Waterfront is a 1984 Australian miniseries about industrial disputes on the Australian waterfront during the Great Depression.

==Premise==
In 1928, industrial unrest erupts on the Melbourne waterfront.

==Cast==
- Jack Thompson as Maxey Woodbury
- Greta Scacchi as Anna Chieri
- Warren Mitchell as Laughing Les
- Noni Hazlehurst as Maggie
- Ray Barrett as Sam Elliott
- Chris Haywood as Ernie Donaldson
- Jay Mannering as Savo
- Elin Jenkins as Vera Donaldson
- Frank Gallacher as Paddy Ryan
- Jan Friedl as Sheila Ryan
- Mark Little as Allan Williams
- Wynn Roberts as Inspector Legge
- Tony Rickards as Snowy Williams
- Eileen Chapman as Florence "Flo" Williams
- Edward Hepple as Harry Geahry
- Sylvie Fonti as Teresa Callini
- Peter Sardi as Paolo Callini
- Steve Bastoni as Emilio Callini
- Joseph Spano as Giorgio
- Simon Chilvers as Cross
- David Cameron as Albert Maple-Brown
- Bruce Myles as Premier Hogan
- John Lee as The Governor
- Anthony Hawkins as Sir William McPherson
- Kirk Alexander as Commissioner Blamey
- Robert Meldrum as Parsons
- Wilfred Last as Purcell

==Production==
The production was originally envisioned as a feature film. It was based on a script by Mac Gudgeon, who worked on the docks in the 1960s when he was avoiding the draft for the Vietnam War. He heard stories about the 1928 strike and became fascinated by it. Gudgeon wrote the script in six weeks and showed it to Bob Weis, who was producing Women of the Sun, a mini series on which Gudeon was unit manager. Weis liked it but wanted to do it as a mini series. Gudgeon spent the next 18 months rewriting.
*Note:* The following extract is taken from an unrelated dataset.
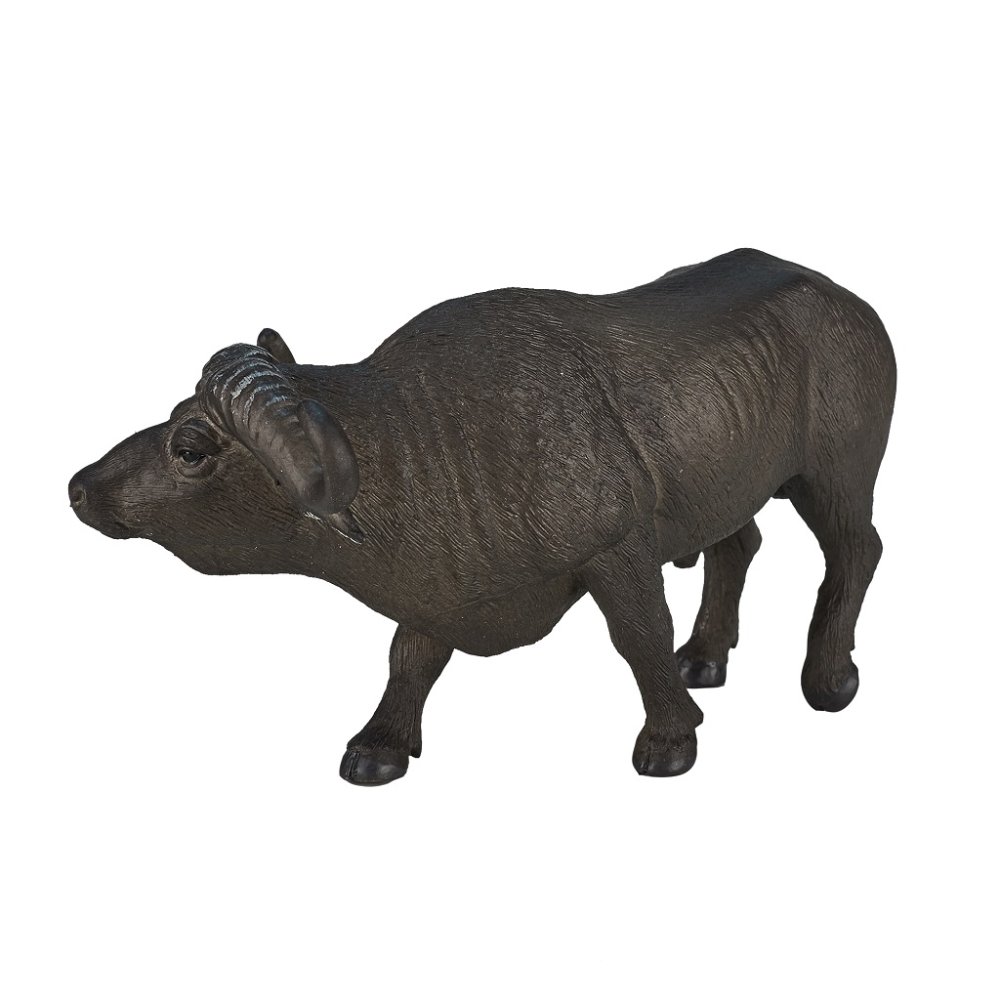 Mojo Buvol africký (obrázek 5)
Weis hired Chris Thompson to direct on the basis of 1915. It was the first Australian television Jack Thompson had appeared in except for Spyforce as "I fell in love with the Waterfront script." Greta Scacchi agreed to play the female lead after her breakthrough role in Heat and Dust.

Filming started in February 1983 and took place in Melbourne over 14 weeks with a budget of $2.5 million. The mini-series sold to Channel Ten.

==Reception==
The Sydney Sun Herald called it "stunning. It will make you cry, it will make you laugh, and it will make you weep with anger. It is superbly made." The Age called it "gritty, gutsy drama... a rattling good yarn... not to be missed."

The mini-series was popular, with a market share of 30 in Sydney and Melbourne.